Take the material below and reproduce, word for word, only the lines from the line with "V pomoč pri" through the line with "WG formation: Furnished".

DATA UNDER STUDY ▸
━━━

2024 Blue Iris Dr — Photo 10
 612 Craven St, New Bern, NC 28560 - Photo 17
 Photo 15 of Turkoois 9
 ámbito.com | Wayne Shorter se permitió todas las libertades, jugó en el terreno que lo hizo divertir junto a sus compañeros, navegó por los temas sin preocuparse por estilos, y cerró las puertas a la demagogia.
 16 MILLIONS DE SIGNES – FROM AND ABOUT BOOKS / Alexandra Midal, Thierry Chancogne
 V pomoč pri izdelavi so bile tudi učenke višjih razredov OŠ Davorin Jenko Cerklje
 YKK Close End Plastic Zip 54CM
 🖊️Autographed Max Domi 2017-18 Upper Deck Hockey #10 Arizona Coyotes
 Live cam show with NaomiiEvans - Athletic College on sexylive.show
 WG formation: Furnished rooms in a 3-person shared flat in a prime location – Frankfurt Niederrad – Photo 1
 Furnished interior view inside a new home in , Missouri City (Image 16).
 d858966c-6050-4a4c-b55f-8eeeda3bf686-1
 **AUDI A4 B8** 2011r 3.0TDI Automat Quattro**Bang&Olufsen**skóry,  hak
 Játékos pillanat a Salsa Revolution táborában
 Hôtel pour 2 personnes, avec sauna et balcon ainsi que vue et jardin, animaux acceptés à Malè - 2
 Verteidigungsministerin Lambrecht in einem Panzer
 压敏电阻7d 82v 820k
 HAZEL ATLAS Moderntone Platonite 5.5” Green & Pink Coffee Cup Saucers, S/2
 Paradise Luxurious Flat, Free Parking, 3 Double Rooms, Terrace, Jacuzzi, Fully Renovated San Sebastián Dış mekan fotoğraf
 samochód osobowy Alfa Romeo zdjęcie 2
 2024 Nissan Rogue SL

━━━

ANSWER SECTION ▸
 V pomoč pri izdelavi so bile tudi učenke višjih razredov OŠ Davorin Jenko Cerklje
 YKK Close End Plastic Zip 54CM
 🖊️Autographed Max Domi 2017-18 Upper Deck Hockey #10 Arizona Coyotes
 Live cam show with NaomiiEvans - Athletic College on sexylive.show
 WG formation: Furnished rooms in a 3-person shared flat in a prime location – Frankfurt Niederrad – Photo 1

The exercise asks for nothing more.